Das Formel 1 Forum früherer Tage...
Beitrag Donnerstag, 25. Mai 2006

Beiträge: 8060
Es ist mal wieder Zeit für eines meiner Fahrer-Portraits: nach Masten Gregory, Alberto Ascari, Willy Mairesse und Alfonso de Portago (über den wir eine sehr schöne Diskussion hatten) ist jetzt Carel de Beaufort dran:

Bild
©Benno Müller/Eberhard Reuß - Gesichter des Rennsports; Motorbuch Verlag 1999

Allein schon wegen seines ellenlangen Namens die logische Fortsetzung von Portago: Jonkheer Carel Godin de Beaufort, Herr auf Maaren und Maarsbergen - und Ecurie Maarsbergen heißt deshalb auch sein Rennstall. Ein Hüne von Gestalt, fast 2 m groß, passte er nur in die Cockpits der rundlichen Porsche-Vierzylinder anfangs der Sechziger. Vier Jahre alt ist sein Lieblingsexemplar 'Old Fatty Porsche' - ein Werkscockpit kommt für ihn nicht in Frage. Zu Beginn war er einfach nur ein 'rollender Dilletant' - später hatte er so sehr Gefallen am privaten Rennsport gefunden, dass für ihn gar nichts mehr anderes in Frage kam. So bleibt er der vielleicht letzte echte Amateur in der Formel 1, stets gut gelaunt und aus purer Freude an dem olympischen Prinzip unterwegs. Manchmal fragt man sich wie lange er noch so weiter gefahren wäre...

Amateur mit Perücke

Hinter den Kulissen entpuppte er sich als ganz großer Charakter, als brillanter Komiker. Er gehörte bis zu seinem Unfall wie eine feste Größe zur schnellen Truppe, investierte eine Menge Geld in den Rennsport, das er nie herauswirtschaften konnte und hatte im übrigen viel Spaß an seinem unsteten Wanderleben. Carel lebte heute, dachte vielleicht noch an morgen, aber nie bis übermorgen.

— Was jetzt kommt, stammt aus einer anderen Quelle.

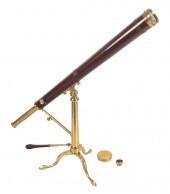 CASED TABLETOP TELESCOPE 19TH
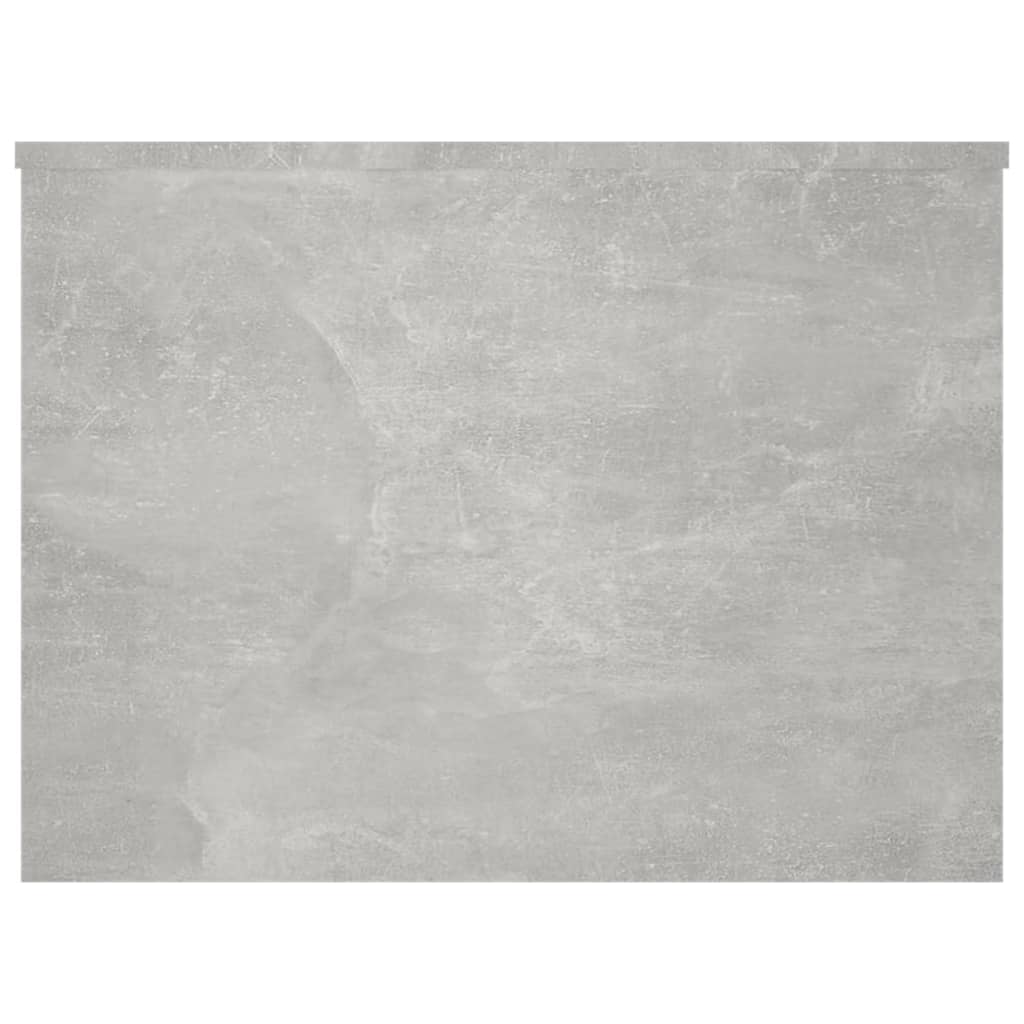 Sohvapöytä betoninharmaa 80x55,5x41,5 cm tekninen puu - Sisustajankoti.fi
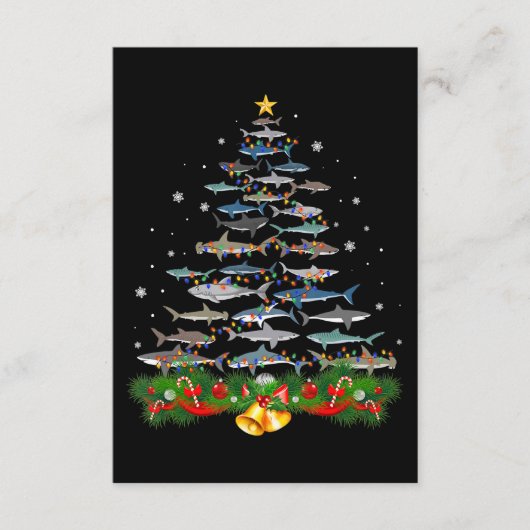 Hai Weihnachtsbaum Hai Liebhaber Geschenke Begleitkarte (Vorderseite)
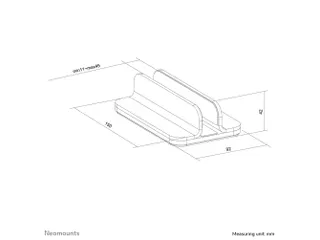 Neomounts NSLS300 Laptophouder - 11-17 inch - max 5 kg - universeel - - 1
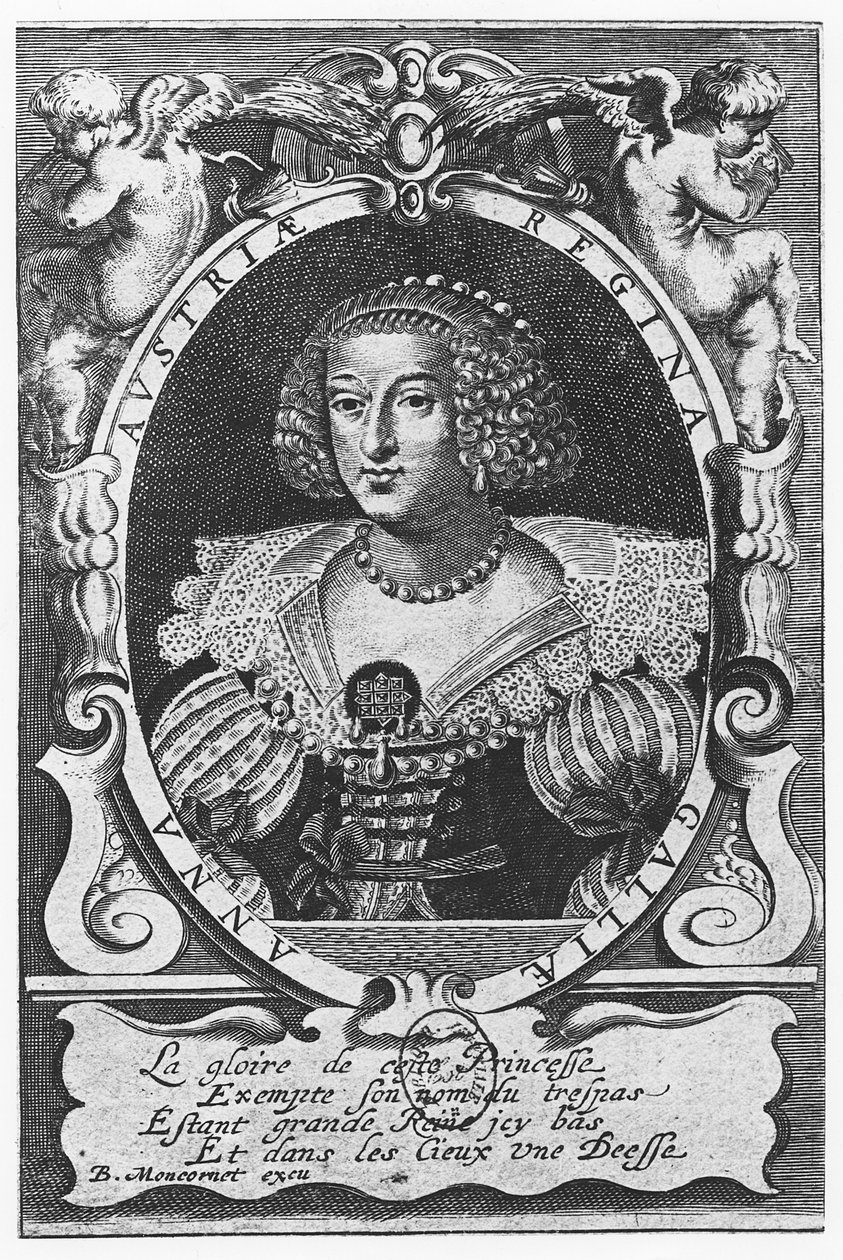 Anne af Østrig (gravering) af French School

Seine karierte englische Sportmütze nahm er zu keiner Begrüßung ab, steckten doch immer hartgekochte Eier darunter, die ihn seine gelegentlichen Diätanfälle durchstehen halfen. Zu Hause, auf Casteel Maarsbergen, holperte er die Schloßtreppen im Jeep herunter. Zum Training trat er vorzugsweise mit einer roten Perücke an, die ihm den Sturzhelm ersetzte. Daran nahm Anfang der sechziger Jahre niemand Anstoß, sah man doch am Nürburgring typisch britische Morgan-Fahrer noch mit Blazer und flatternder Krawatte auf luftigem Sitz die 1000 km herunterfahren. Damals begann und endete das Sicherheitsbewußtsein beim Sturzhelm und wenn dieser schon einen ledernen Nacken- und Ohrenschutz hatte, dann war der Träger fast schon futuristisch ausgerüstet.

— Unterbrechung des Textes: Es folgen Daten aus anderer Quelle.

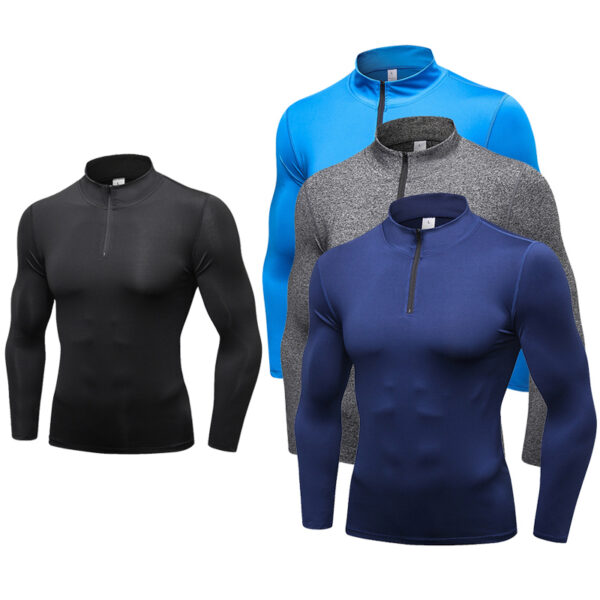 Men Long Sleeve Baselayer Cool Dry Compression T-Shirt for Athletic Workout and Running (1)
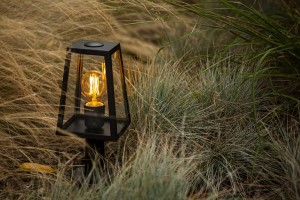 FIA 7290901012 niski słupek ogrodowy czarny 1xE27 IP44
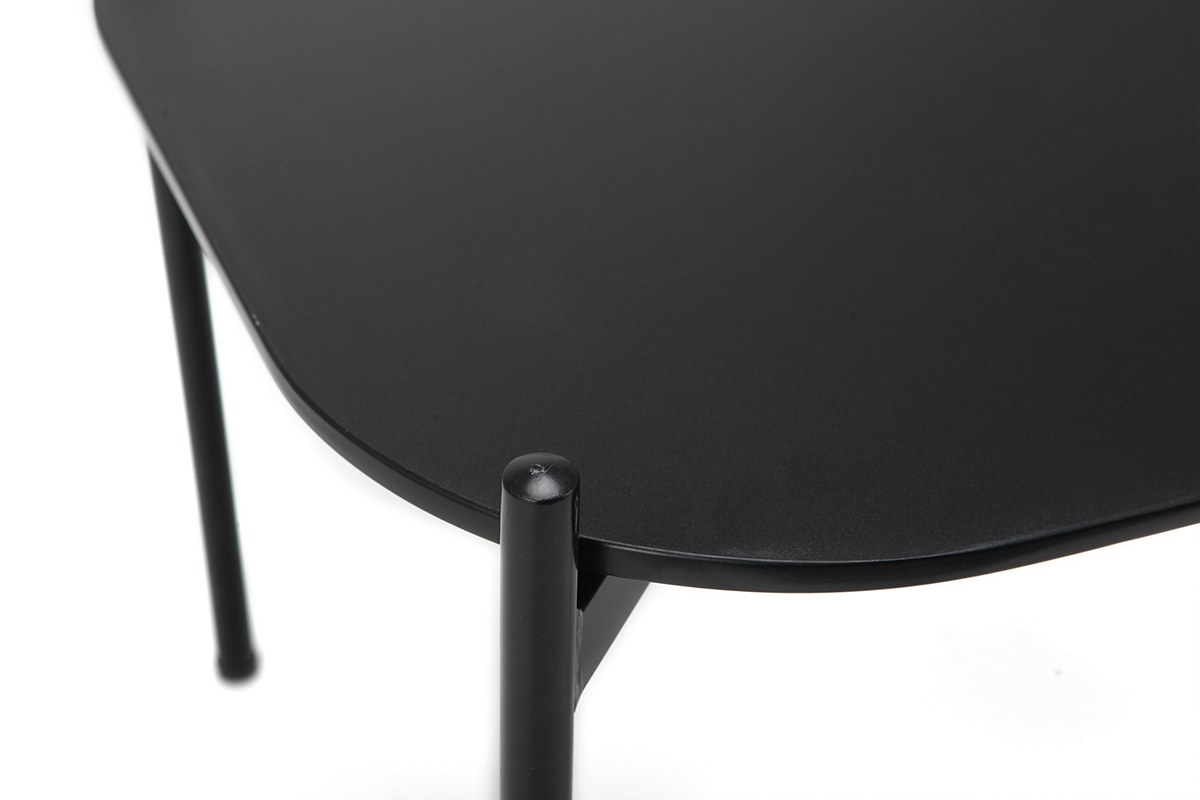 Mesa auxiliar moderna metal negro 50x50cm SEGA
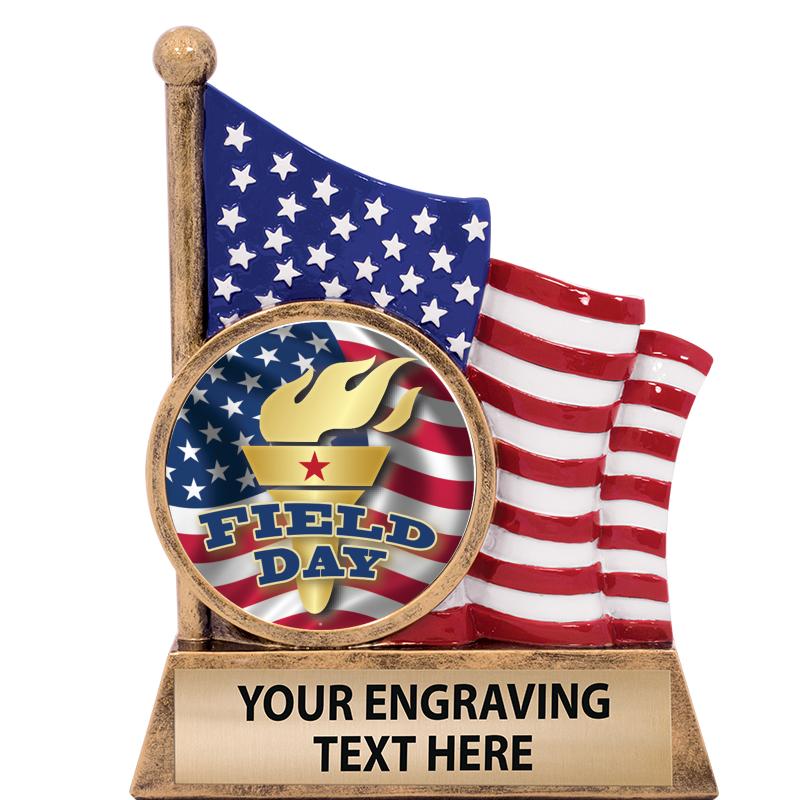 5" AMERICAN FLAG INSERT SCLPT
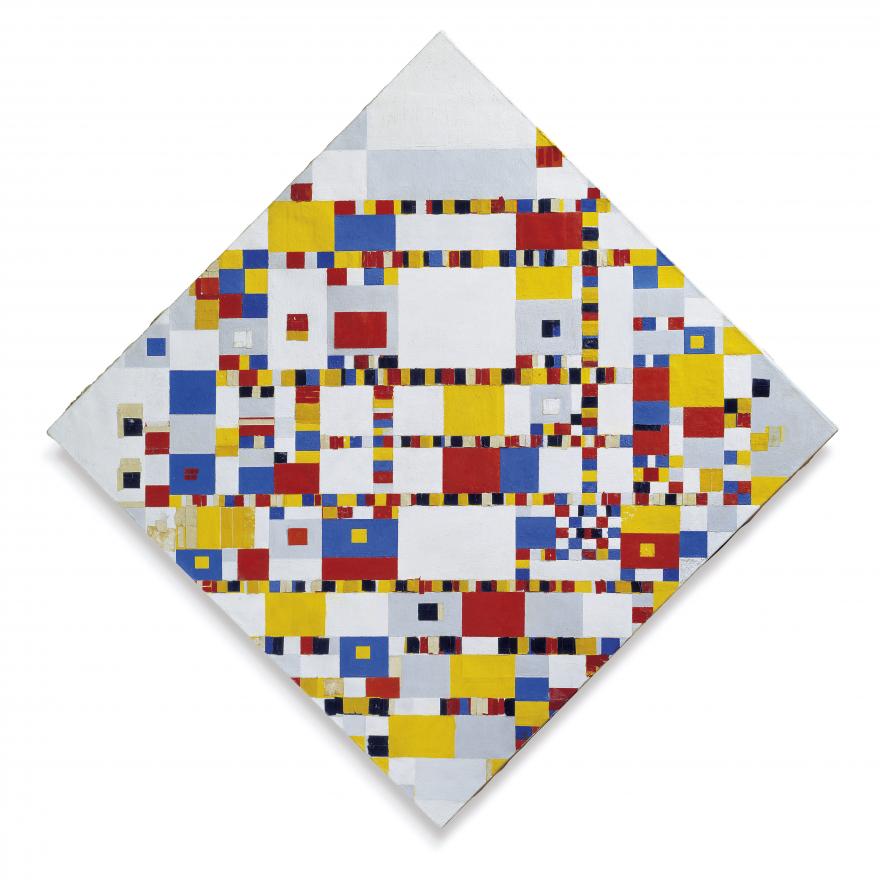 Piet Mondrian. Victory Boogie Woogie, 1942-1944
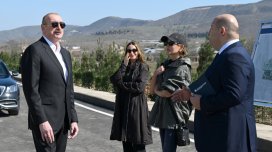 Prezident ailə üzvləri ilə Xocavənd və Xocalıya səfər edib - YENİLƏNİB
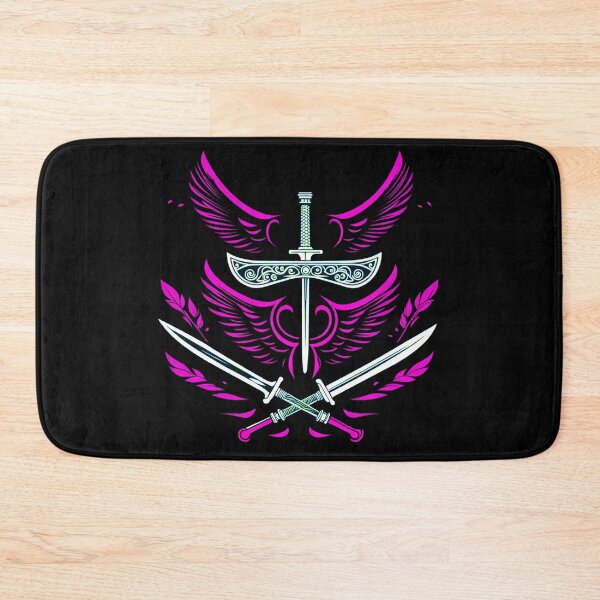 Item preview, Sword Wings Pink designed and sold by ephemerandom.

Schwarze Flagge für den rollenden Schrott-Porsche

Er lebte und starb mit Porsche: in dem Zuffenhausener Werk wurde er schnell zu einem festen Bestandteil. Seine ersten Rennen 1956 bestritt er mit einem Porsche Spdyer, bereits 1957 startete er mit einem F2 - natürlich Porsche - im Rahmen des Deutschen GP. Ab diesem Zeitpunkt gab es auch sporadisch Grand Prix Einsätze - meist mit Ankünften 5-10 Runden hinter dem Sieger.

Bekannt wurde de Beaufort in Deutschland durch seinen spekatulären Unfall bei einem Sportwagenrennen auf der Avus 1959: Ausgangs der Steilkurve hatte er die Bodenhaftung verloren, schlitterte über deren Rand hinweg und verschwand im Abgrund!!! Den Zuschauern verschlug es förmlich den Atem - man rechnete mit dem Schlimmsten. Aber de Beaufort stürzte durch Bäume und Gebüsch ins viel tiefer gelegene Fahrerlager und holperte benommen wieder auf die Strecke zurück. Der furchtlose Holländer reihnte sich mit seinem total verbeulten Porsche unversehens wieder in das Feld ein, doch wenig später stoppte ihn die Rennleitung aus Sicherheitsgründen endgültig. Trotz dieses Zwischenfalls war aber Beaufort nicht das was man landläufig einen Crash-Piloten nannte. Im Gegenteil...

Hatte er bis dahin meist Sportwagenrennen, wurde er in den 60er Jahren rühriger - spätestens als er 1961 den ex-Rob Walker Porsche 718 erwarb, gab es für ihn kein halten mehr. Die Ergebnisse waren zwar relativ bescheiden (immerhin vier 6. Plätze im GP - das ist in Anbetracht seines Fahrzeugs gar nicht so schlecht), aber bei einen nicht zur WM zählenden Rennen sah er immerhin mal das Podium (Zweiter in Rom und Siracusa 1963, Dritter in Zeltweg 1963).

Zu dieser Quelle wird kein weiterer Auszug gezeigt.